- _Instructions for the task_: Among the entries below, find the line with "Fetthenne Frosted Fire", then quote it and each following line up to and including the line with "Cloth dolls and cat sleep", and nothing else.

- _Data for processing_:
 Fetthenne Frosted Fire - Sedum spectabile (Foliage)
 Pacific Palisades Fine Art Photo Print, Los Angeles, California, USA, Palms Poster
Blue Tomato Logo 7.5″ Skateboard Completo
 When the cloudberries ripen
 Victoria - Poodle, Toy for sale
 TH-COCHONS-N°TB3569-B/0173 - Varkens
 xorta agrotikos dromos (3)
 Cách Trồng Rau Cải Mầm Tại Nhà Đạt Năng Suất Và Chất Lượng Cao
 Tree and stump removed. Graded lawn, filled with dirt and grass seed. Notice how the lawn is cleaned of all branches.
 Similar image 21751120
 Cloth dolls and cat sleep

...

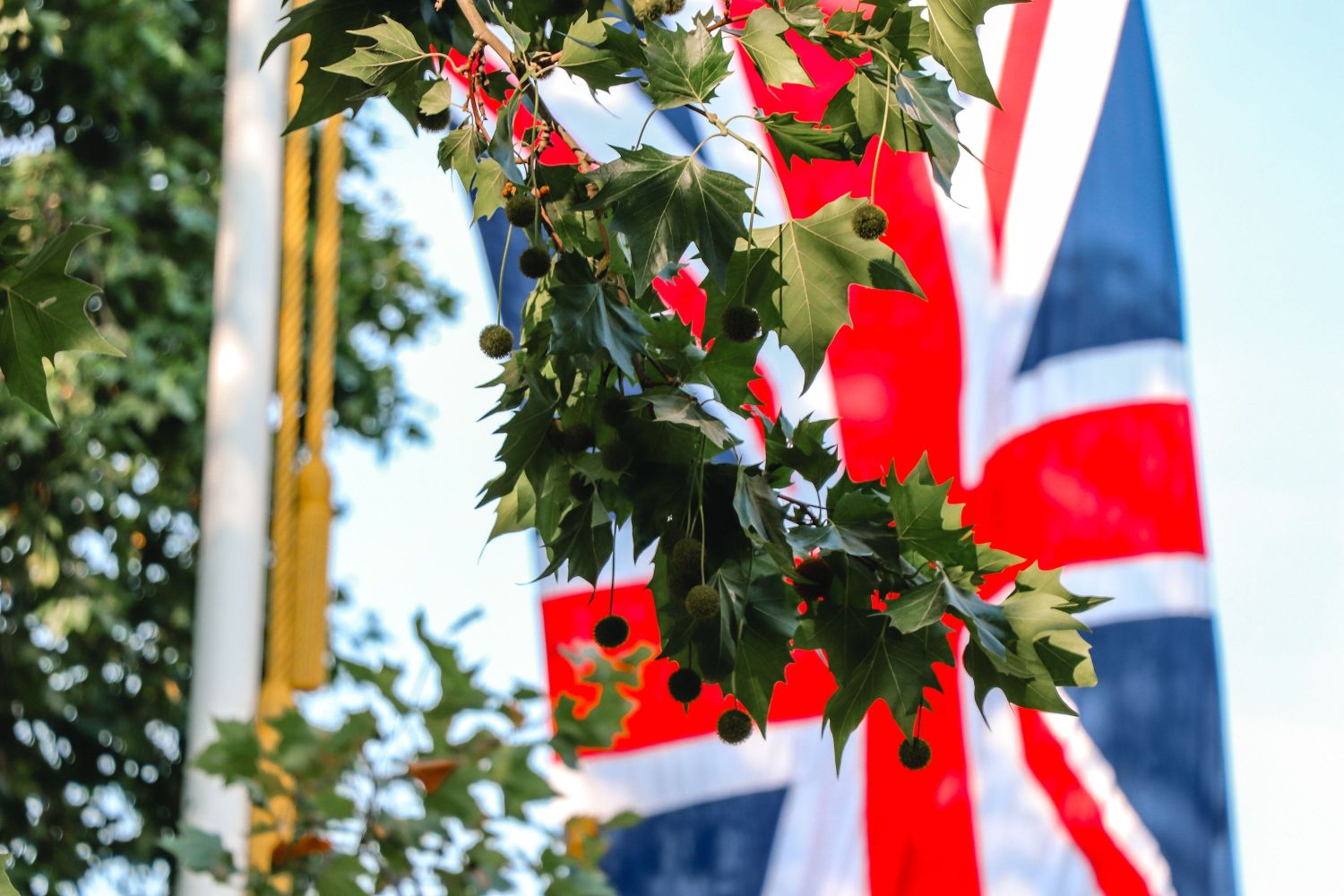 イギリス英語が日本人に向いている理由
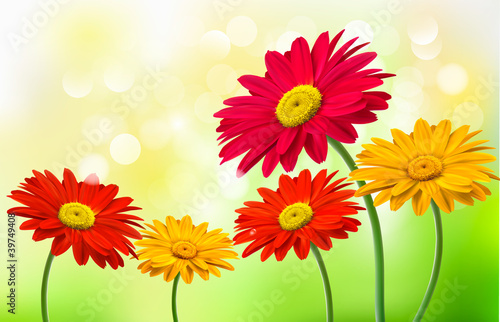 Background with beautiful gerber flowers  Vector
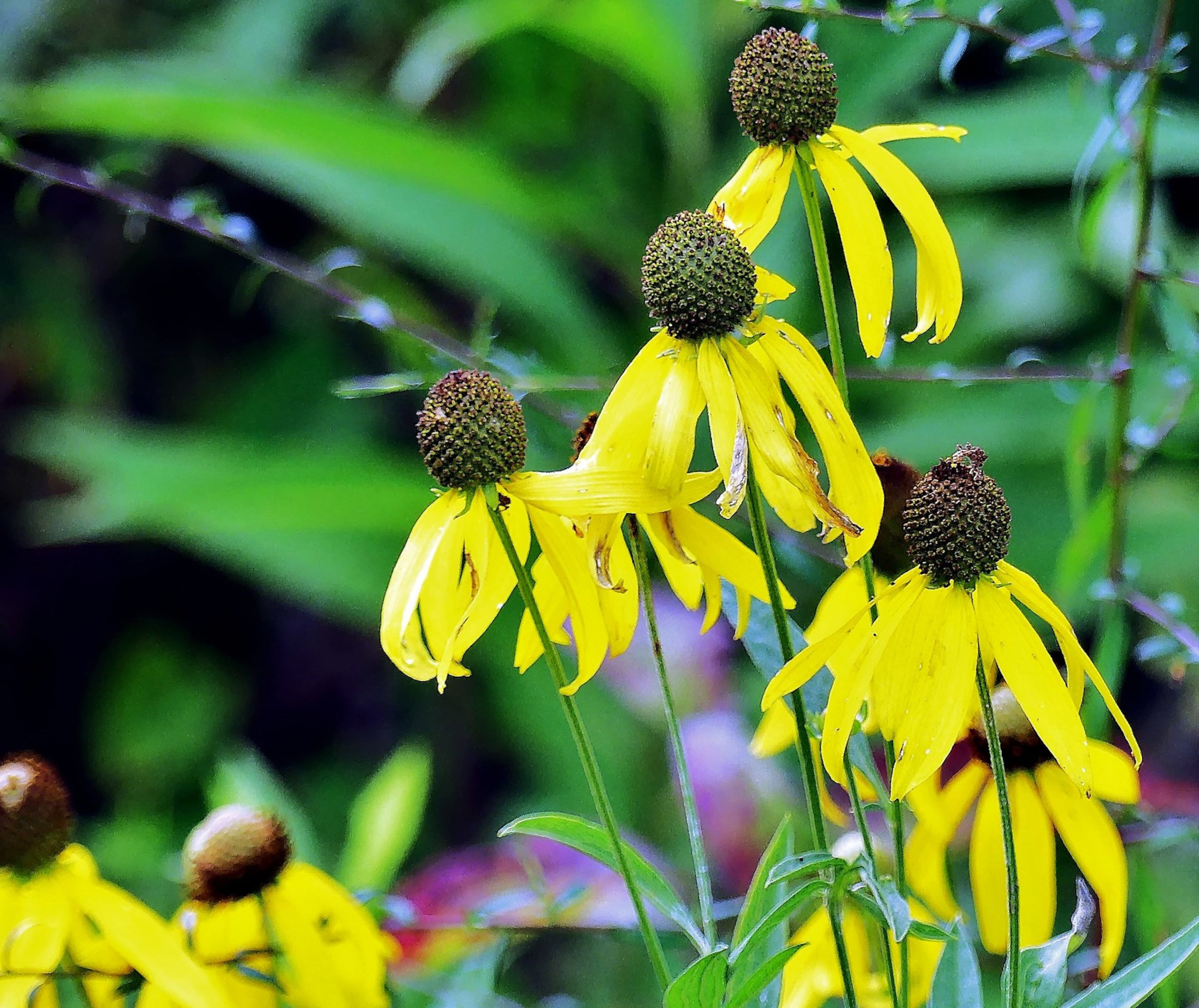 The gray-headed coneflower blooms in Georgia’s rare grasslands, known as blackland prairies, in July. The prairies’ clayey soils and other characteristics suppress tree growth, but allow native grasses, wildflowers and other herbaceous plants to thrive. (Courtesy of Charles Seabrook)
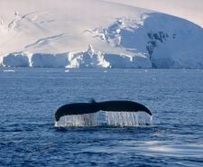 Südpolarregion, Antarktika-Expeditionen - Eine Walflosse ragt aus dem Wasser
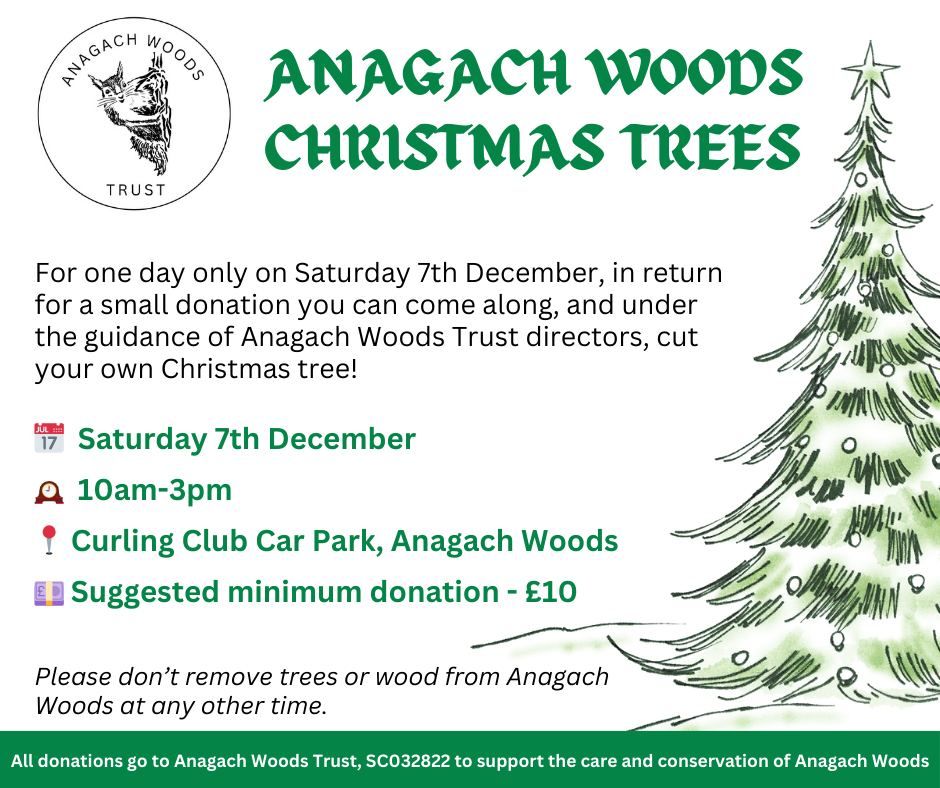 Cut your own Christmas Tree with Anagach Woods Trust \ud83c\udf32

- _Answer_:
 Fetthenne Frosted Fire - Sedum spectabile (Foliage)
 Pacific Palisades Fine Art Photo Print, Los Angeles, California, USA, Palms Poster
Blue Tomato Logo 7.5″ Skateboard Completo
 When the cloudberries ripen
 Victoria - Poodle, Toy for sale
 TH-COCHONS-N°TB3569-B/0173 - Varkens
 xorta agrotikos dromos (3)
 Cách Trồng Rau Cải Mầm Tại Nhà Đạt Năng Suất Và Chất Lượng Cao
 Tree and stump removed. Graded lawn, filled with dirt and grass seed. Notice how the lawn is cleaned of all branches.
 Similar image 21751120
 Cloth dolls and cat sleep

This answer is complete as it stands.